● **Saved data entries**:
== == ==
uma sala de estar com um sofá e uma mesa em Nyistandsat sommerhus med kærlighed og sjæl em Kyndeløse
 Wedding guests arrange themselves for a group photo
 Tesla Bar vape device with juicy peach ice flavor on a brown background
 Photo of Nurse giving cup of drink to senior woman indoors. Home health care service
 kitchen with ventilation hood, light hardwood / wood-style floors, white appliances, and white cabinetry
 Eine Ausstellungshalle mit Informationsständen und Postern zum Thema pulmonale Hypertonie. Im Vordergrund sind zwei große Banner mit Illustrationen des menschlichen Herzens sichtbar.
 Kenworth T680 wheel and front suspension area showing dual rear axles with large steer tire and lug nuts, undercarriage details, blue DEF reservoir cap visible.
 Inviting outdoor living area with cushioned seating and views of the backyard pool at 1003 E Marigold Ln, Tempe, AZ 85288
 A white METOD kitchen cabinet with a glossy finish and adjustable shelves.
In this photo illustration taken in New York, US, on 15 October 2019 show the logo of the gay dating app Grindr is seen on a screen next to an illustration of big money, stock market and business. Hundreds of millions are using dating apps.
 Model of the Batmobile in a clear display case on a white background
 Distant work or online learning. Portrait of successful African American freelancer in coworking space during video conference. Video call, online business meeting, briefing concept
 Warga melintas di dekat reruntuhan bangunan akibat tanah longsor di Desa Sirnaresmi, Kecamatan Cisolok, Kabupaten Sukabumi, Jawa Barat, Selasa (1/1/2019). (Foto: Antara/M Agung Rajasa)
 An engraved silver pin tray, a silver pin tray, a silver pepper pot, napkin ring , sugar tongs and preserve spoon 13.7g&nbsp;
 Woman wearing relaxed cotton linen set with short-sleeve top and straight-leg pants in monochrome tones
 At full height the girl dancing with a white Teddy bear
== == ==
● **Description of the task**:
Your reply is to repeat, unchanged, the lines above running from the one with "Tesla Bar vape" up to and including the one with "kitchen with ventilation".

● **Task response**:
 Tesla Bar vape device with juicy peach ice flavor on a brown background
 Photo of Nurse giving cup of drink to senior woman indoors. Home health care service
 kitchen with ventilation hood, light hardwood / wood-style floors, white appliances, and white cabinetry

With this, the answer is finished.